▶ WHAT IS BEING ASKED: Return the lines that run from the line containing "NWT Mariska the Hot Fries Squishmallows" through the end of the entries, both ends included. Leave out all pictures.

▶ LISTED ENTRIES:
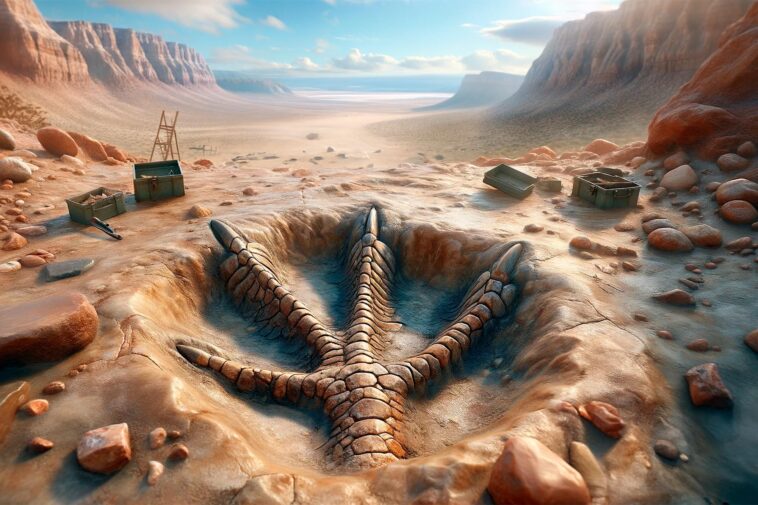 Dinosaure ou lève-tôt ? Des empreintes de pas d’Afrique australe vieilles de 210 millions d’années alimentent le débat scientifique Bird Like Footprints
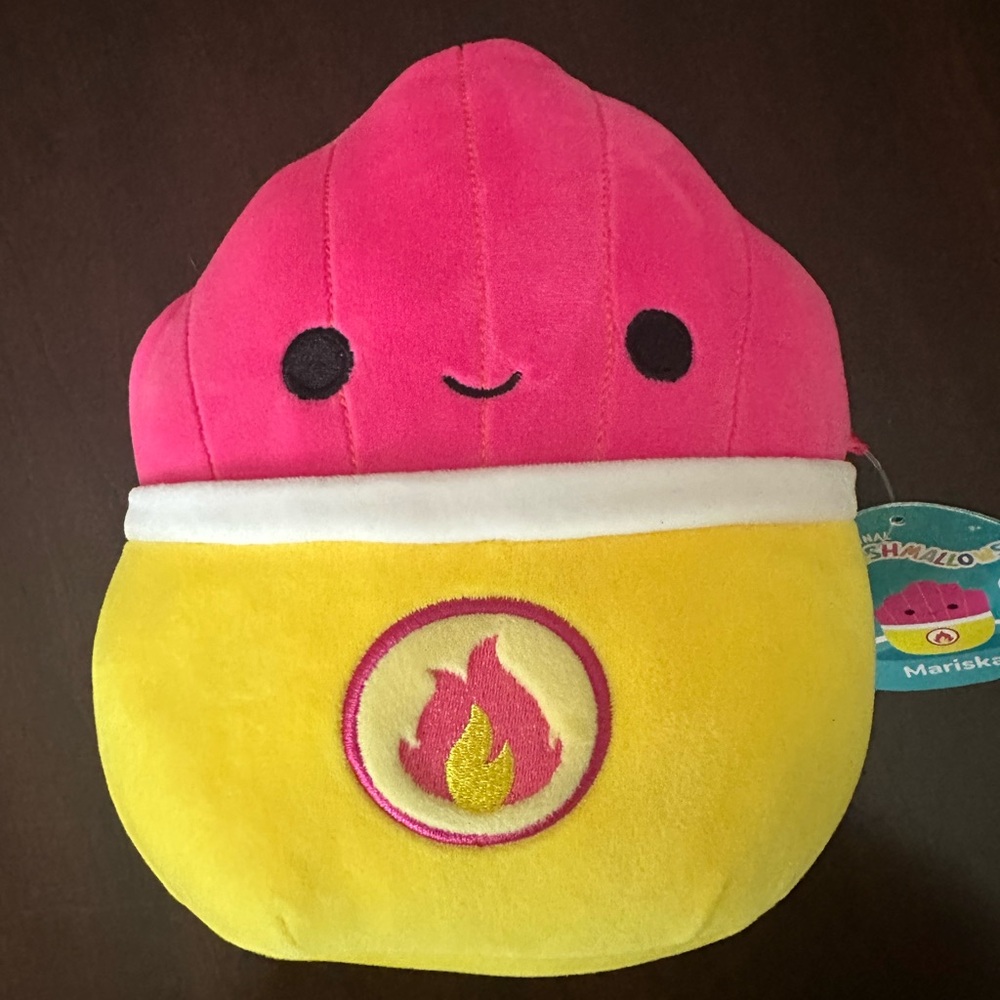 NWT Mariska the Hot Fries Squishmallows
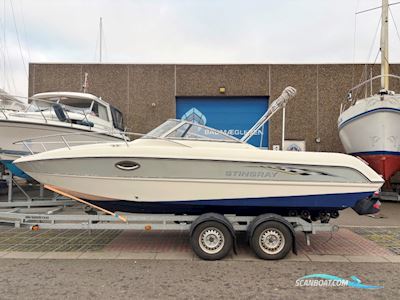 Stingray 220 CS Daycruiser Motorboat 2005, with Mercruiser engine, Denmark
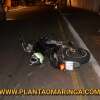 Ciclista é socorrido em estado grave após ser colhido por moto em Maringá Foto 14 Fotos de Ciclista é socorrido em estado grave após ser colhido por moto em Maringá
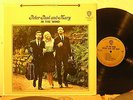 WS 1507 Peter Paul & Mary IN THE WIND 1963 GOLD LABEL STEREO NM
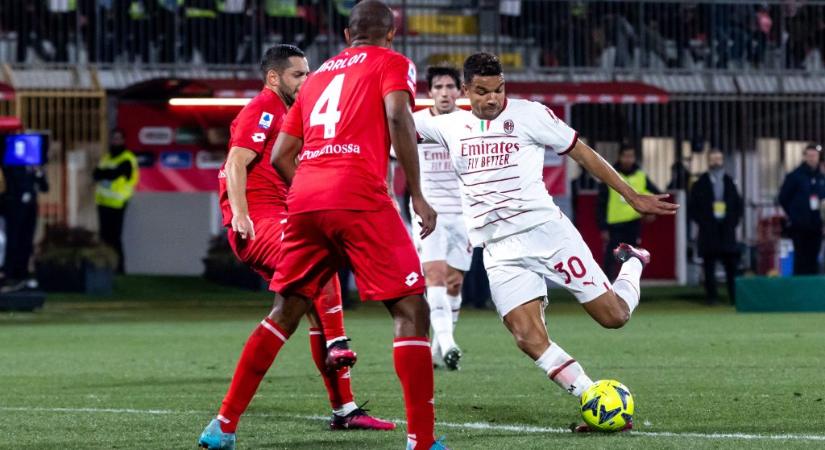 Egy bivalyerős lövéssel véget vetett a monzai sorozatnak az AC Milan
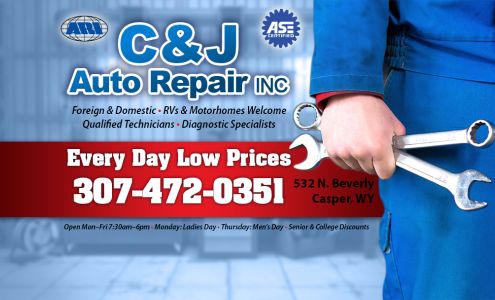 C & J Auto Repair Inc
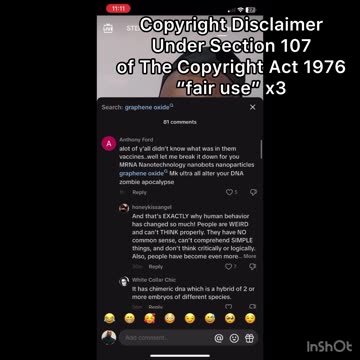 If you took the vaccine 💉 you might be in trouble - THE COMMENTS 👀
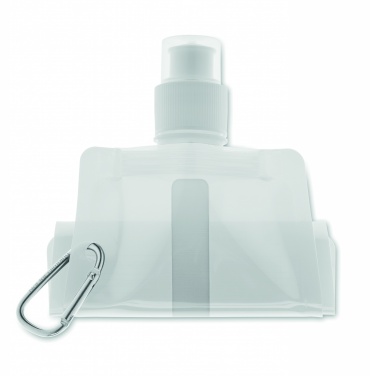 Logo trade promotional merchandise photo of: Foldable water bottle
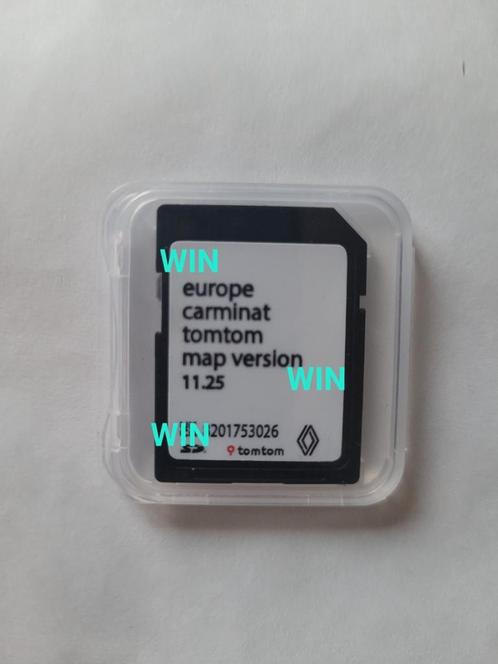 Renault Carminat 2024/2024 V11.25 update GRATIS VERZENDING, Computers en Software, Navigatiesoftware, Nieuw, Landkaarten, Heel Europa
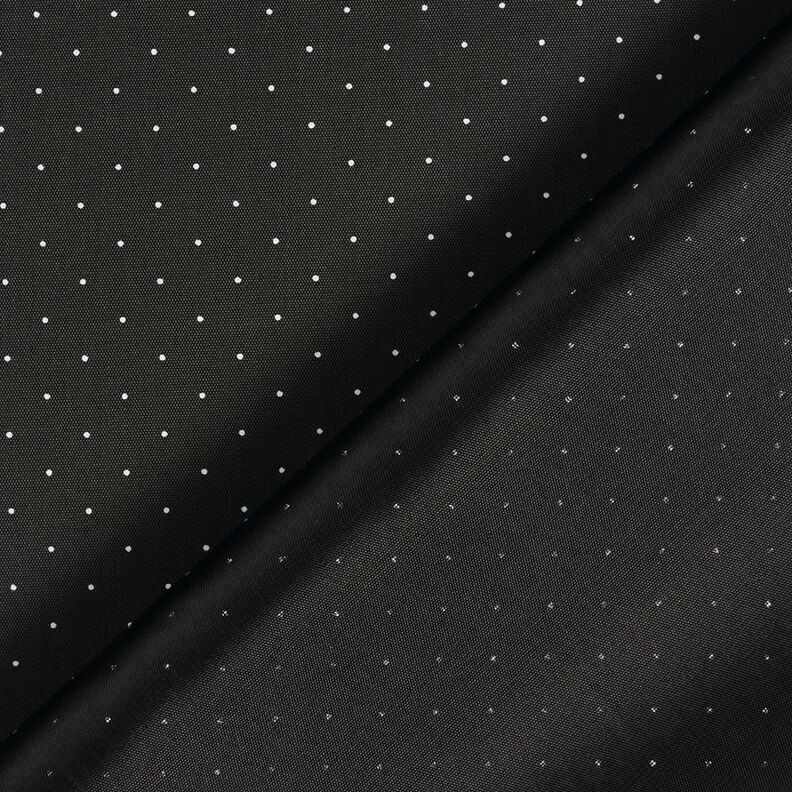 Forstof små prikker – sort/hvid,  image number 3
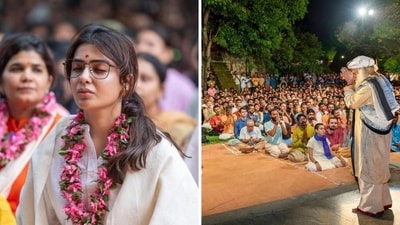Samantha Ruth Prabhu wrote a detailed note on meditating on her Instagram. Samantha Ruth Prabhu wrote a detailed note on meditating on her Instagram.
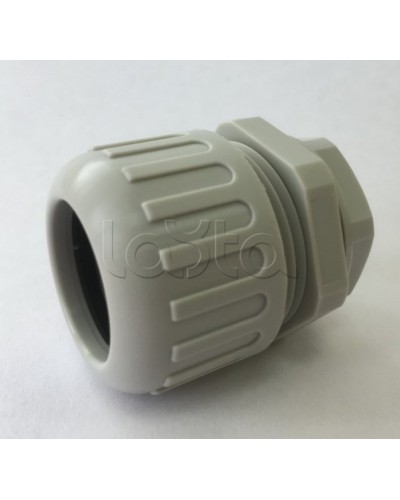 Муфта вводная усиленная (IP68) для гофрированных труб серая ВМУ-ГТ-32 (М32) Промрукав (PR08.3275) в Калуге Повороты, муфты, тройники Pintop.ru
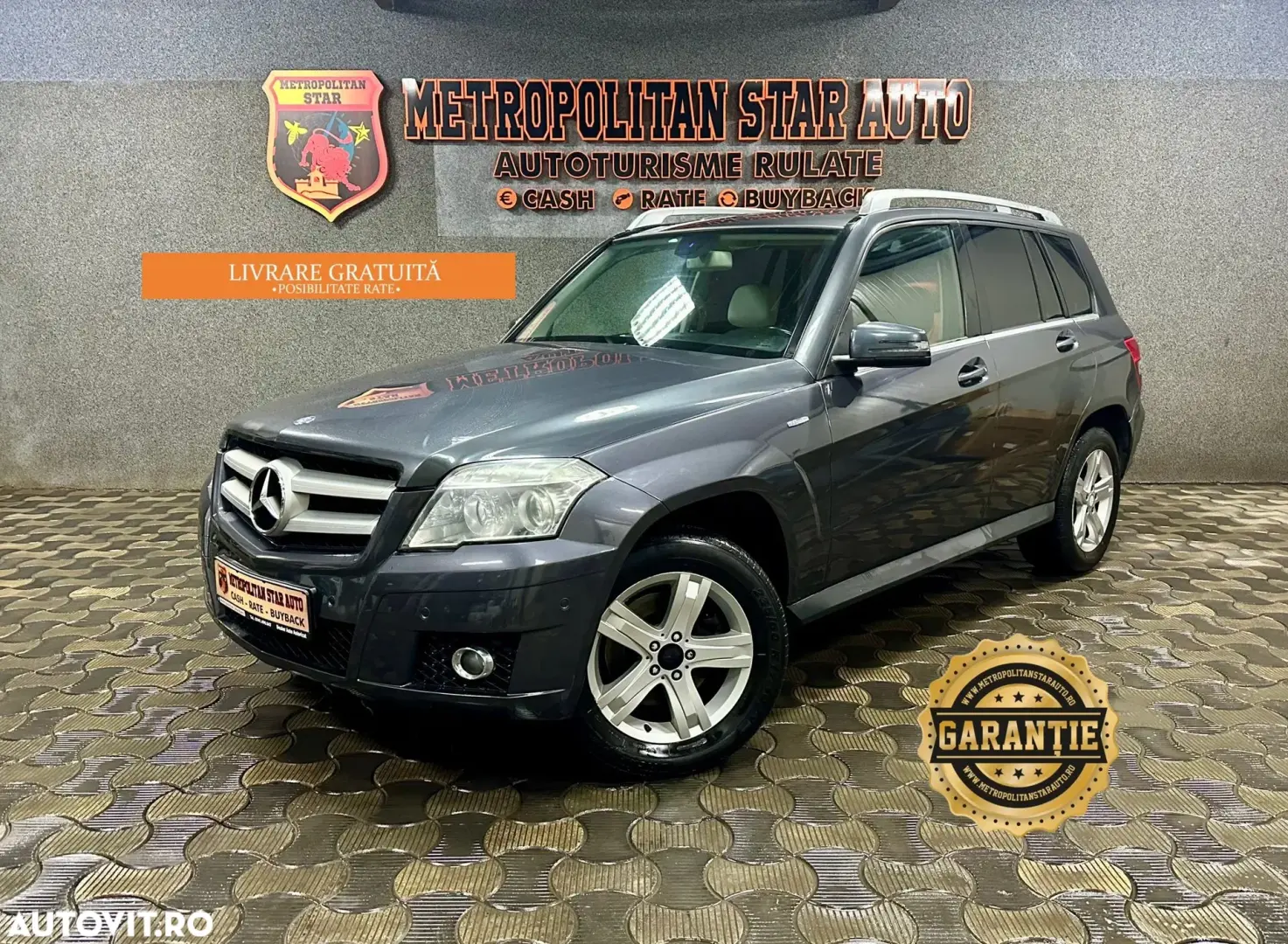 Mercedes-Benz GLK 220 CDI DPF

▶ YOUR SOLUTION:
 NWT Mariska the Hot Fries Squishmallows
 Stingray 220 CS Daycruiser Motorboat 2005, with Mercruiser engine, Denmark
 Ciclista é socorrido em estado grave após ser colhido por moto em Maringá Foto 14 Fotos de Ciclista é socorrido em estado grave após ser colhido por moto em Maringá
 WS 1507 Peter Paul & Mary IN THE WIND 1963 GOLD LABEL STEREO NM
 Egy bivalyerős lövéssel véget vetett a monzai sorozatnak az AC Milan
 C & J Auto Repair Inc
 If you took the vaccine 💉 you might be in trouble - THE COMMENTS 👀
 Logo trade promotional merchandise photo of: Foldable water bottle
 Renault Carminat 2024/2024 V11.25 update GRATIS VERZENDING, Computers en Software, Navigatiesoftware, Nieuw, Landkaarten, Heel Europa
 Forstof små prikker – sort/hvid,  image number 3
Samantha Ruth Prabhu wrote a detailed note on meditating on her Instagram. Samantha Ruth Prabhu wrote a detailed note on meditating on her Instagram.
 Муфта вводная усиленная (IP68) для гофрированных труб серая ВМУ-ГТ-32 (М32) Промрукав (PR08.3275) в Калуге Повороты, муфты, тройники Pintop.ru
 Mercedes-Benz GLK 220 CDI DPF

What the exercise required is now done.